L’articolo ha alzato il velo sulla produzione letteraria degli ultimi anni, focalizzando l’attenzione su tutta una vasta gamma di usi e costumi, che hanno regalato un certo tipo di spessore alla letteratura in rosa. Lo spunto di riflessione è sorto dopo un evento che si è svolto a Roma nella seconda decade di giugno, tale il “Rare”, un incontro tra autrici e lettori, che ha evidenziato come, tra il pubblico, la fruizione dei romanzi di genere, non è affatto diminuita, anzi è aumentata a vista d’occhio.

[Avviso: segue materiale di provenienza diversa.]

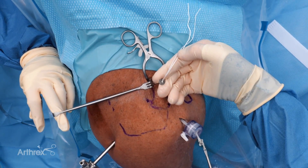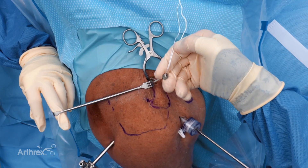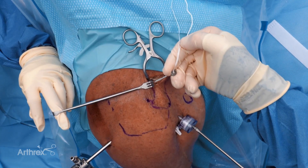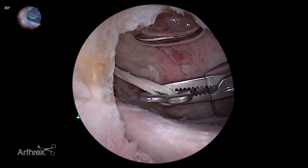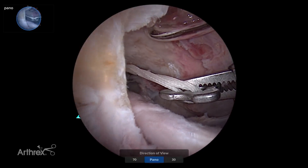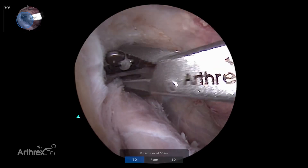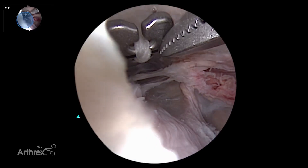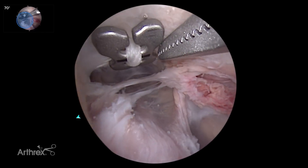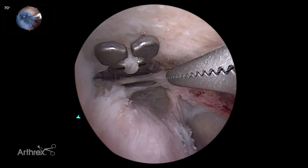He's going to give me a little bit of retrograde tension as I walk the button into the shoulder. As I turn to look under the coracoid, I'm going to scroll again through the Panascope at 70-degree and get a really good look — not just at the suture going up, but also at the laser line orientation along the long axis of the coracoid — so I know my button's in the right position and sitting firmly against the bone. That's exactly where I want to be.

E scoperchiando un vaso di Pandora fatto di letture compulsive, batticuori e di scrittrici molto quotate, l’autrice dell’articolo in questione, pare che non abbia apprezzato l’influenza che, determinati tipi di romanzi, hanno avuto: sia nella produzione letteraria che al pubblico a cui è indirizzata. Identificare le lettrici di romanzi rosa come “signore e signorine spensierate così devote da affannarsi e sventolarsi davanti l’autrice di culto, ricordando in modo commuovente le pellegrine che, con la scusa del patrono, mollavano casa e famiglia per starsene qualche ora per fatti loro consumando frivolezze,” non è stato accolto di buon grado.
Ecco perché l’insorgere di “Io leggo rosa”. Come a voler simboleggiare che, il genere romance e tutte le sue declinazioni più particolari, non è una lettura di serie B, come l’articolo ha evidenziato, ma bensì una realtà stimolante, un universo dove tutto è possibile. Sono lontani i tempi in cui la letteratura in rosa è stata etichettata come una semplice evasione, con l’avanzar dei tempi e dei nuovi linguaggi, è del tutto normale che il genere più venduto al mondo, si svecchiasse, guardasse verso nuovi orizzonti e rinvigorisse i suoi canoni. E non importa se le storie d’amore sono bramose, impossibili e si descrivono atti sessuali da far girare la testa, non importa se i nuovi romance affrontano storie complicate dark e tormentate, quel che conta è il messaggio. Come non importa se i lettori sono aumentati a vista d’occhio e se nelle nuovi produzioni si esplorano anche le sfumature dell’amore omosessuale – infiniti sono i romanzi a tinte m/m che impazzano in rete – è la società, sono i tempi moderni che hanno imposto il cambiamento.
Il senso di “Io leggo Rosa” è un significato molto forte, vuole essere un grido da quella fetta di autori e autrici, ma anche da parte di lettori e lettrici, che in romanzi di questo genere, trovano un modo per fuggire dalla realtà, trovano un espediente per esorcizzare una vita che già di sé è tesa e asfissiante. Con lo scorrere del tempo, il genere romance è diventato specchio di una realtà utopistica, dove i sogni si possono avverare e dove c’è la possibilità di trovare un amore che strappi via il cuore con un’intensità mai vista.
Bollare il genere come lettura di serie B è sbagliato, significa non guardare lo scorrere del tempo, significa non volgere lo sguardo alla società di oggi. Niente può essere business quando si parla di emozioni e sentimenti.